The central issue in SID learning is that fixed, static treatments of SID collisions are overly rigid. Collisions may arise from semantic ambiguity or from benign multimodal similarity, necessitating differentiated regulation. Furthermore, uniform penalty allocation across collisions fails to model the highly heterogeneous collision load and evolving training dynamics in large-scale datasets.
Figure 1: Static overlap regulation applies fixed judgments and treatments; AdaSID instead executes adaptive semantic qualification and load-adaptive regulation.
AdaSID proposes that an SID collision should be adaptively (1) judged for semantic admissibility and (2) regulated based on its collision context and training progression. The overarching objective is to preserve multimodal semantics and collaborative signals while promoting a highly disentangled and uniformly utilized SID space.
The AdaSID Framework
AdaSID is designed as a two-stage adaptive regulation system atop conventional SID tokenization via residual quantization. The method operates as follows.
Figure 2: AdaSID architecture: collaborative item pairs are mapped to quantized embeddings and SIDs, then regulated via semantic-adaptive relaxation and spatial/temporal adaptive collision handling.
1. Semantic-Adaptive Overlap Relaxation
Every observed overlap (collision) between item SIDs is first semantically qualified. The cosine similarity between continuous multimodal embeddings determines if a discrete overlap should be relaxed (i.e., allowed). Semantic thresholds are depth-aware: shallow overlaps require only moderate semantic proximity, while deeper overlaps demand strict semantic equivalence for relaxation. This mechanism prevents unnecessary repulsion of semantically coherent items and over-segmentation of semantically admissible overlaps.

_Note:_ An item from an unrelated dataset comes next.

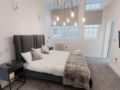 The Grand Apartment by Sassie Homes, City Centre - Birmingham - United Kingdom Hotels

2. Adaptive Pressure Allocation
For overlaps not relaxed in the first stage, AdaSID distributes repulsion via two adaptive principles:
- Load-Adaptive Collision Strengthening: Collisions in densely overloaded SID regions (high-frequency overlap signatures) receive amplified repulsion, scaling with their local "collision load". This spatial adaptivity mitigates region-specific collapse.

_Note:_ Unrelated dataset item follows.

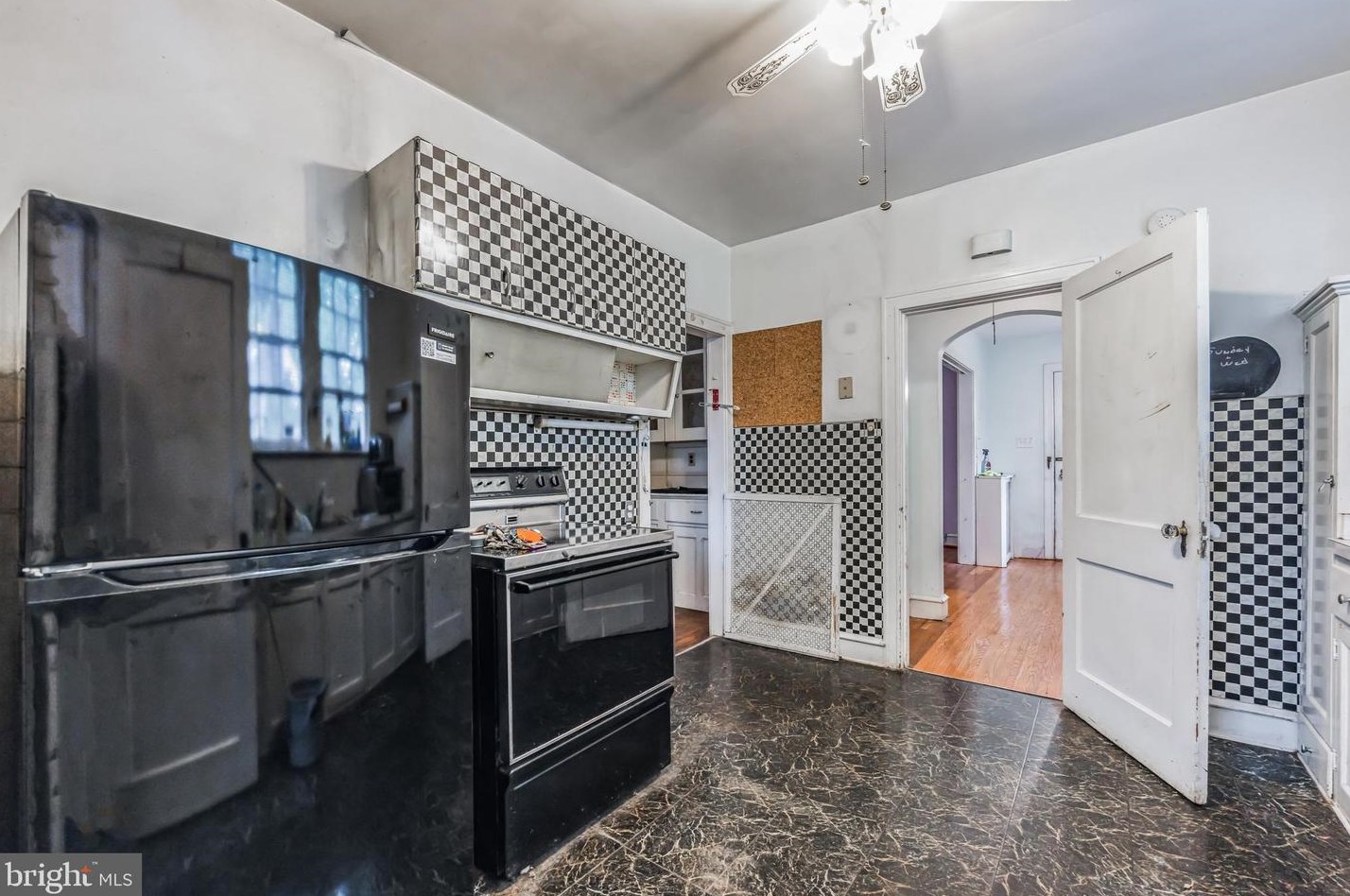 12 Golf Rd, Darby PA 19023-1314 exterior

- Progress-Adaptive Objective Rebalancing: Collision penalty and collaborative alignment weights are scheduled according to normalized training progress. Initially, collision penalties are strong to prevent SID-space collapse; over time, collaborative alignment dominates to optimize downstream recommendation performance.
Together, these mechanisms lead to an overall training objective that combines reconstruction, residual quantization, adaptive collision, and collaborative alignment terms, weighted via training-stage awareness.
Analyses of SID Space Structure
AdaSID directly optimizes for codebook utilization and SID space diversity. Comparative analyses highlight its effectiveness.

Figure 3: SID space landscape: AdaSID tokenizers yield higher entropy, reduced dominant-code concentration, and improved weakest-layer utilization compared to baselines.
AdaSID demonstrates:
- Higher normalized minimum perplexity and SID entropy: Improved utilization across all codebook layers.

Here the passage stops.